09/03/2010

A imprevisibilidade do ponto de vista em O Desinformante


Steven Soderbegh compõe um cenário com charme atemporal no longa O Desinformante, estrelado por Matt Damon e Scott Bakula, que conta a história real de Mark Whitacre, um funcionário de uma grande empresa norte-americana, que decide, após ser ameaçado por uma falha no seu ofício, fornecer informações confidenciais aos agentes federais, com a ânsia de se proteger de possíveis retaliações que venha a sofrer.

Resgatando um clima setentista à la James Bond em cenários, figurinos, trilha sonora, Soderbergh surpreende constantemente seu espectador ao criar múltiplos pontos de vista, mas não divididos em vários personagens, mas com a mesma personagem: o próprio Whitacre. O narrador, no gênero épico, é aquele em que o espectador confia para trazer às informações completas, aquelas que não podem ser fornecidas plenamente através das imagens e dos diálogos. No entanto, com o decorrer da narrativa, o espectador desconfia do próprio Whitacre, decompondo o protagonista clássico dos filmes de espionagem. O alvo deixa de ser aquele de quem se fala, mas quem fala. Da mesma maneira que o FBI não confia mais nas informações trazidas pela testemunha, o espectador se diverte com as reviravoltas no caso Whitacre, quando ele passa a se tornar suspeito de fraude nas informações que tem passado.

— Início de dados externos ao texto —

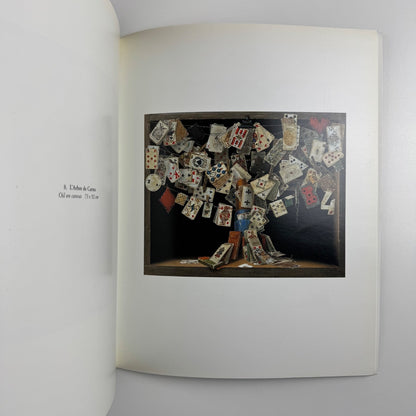 Elena & Michel Gran. Le trompe-l’oeil contemporain | Arlbemarle Gallery, 1999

Matt Damon compõe uma protagonista à beira do desequilíbrio entre a confiança nas informações que expõe e o desespero pelas consequências que se seguirão após atravessar esse limiar, enquanto que Scott Bakula, Melanie Linskey e todo o elenco trazem à tona o equilíbrio entre a crença e a desconfiança nos depoimentos contagiantes de Whitacre. Dentro deste cenário, vemos não uma fábula sobre autoconfiança e ou um retrato amargo sobre o distúrbio bipolar, mas uma simbiose entre ambos, entre o que pode ser real ou ficcional, como atesta a cartela no início do longa: "Embora este filme seja baseado em fatos reais, alguns incidentes e personagens foram adaptados e diálogos, dramatizados. Então...". A partir dessa sentença, Soderbergh diz o aparentemente óbvio: não acredite muito no que verá adiante. Essa é a magia da tela de cinema: ter a possibilidade de suspender por algumas horas o compromisso com o real, com o fato, a possibilidade de exercer por alguns momentos o colocar-se diante de um ponto de vista. No caso, o ponto de vista de Whitacre, por mais imprevisível e até improvável que ele possa ser.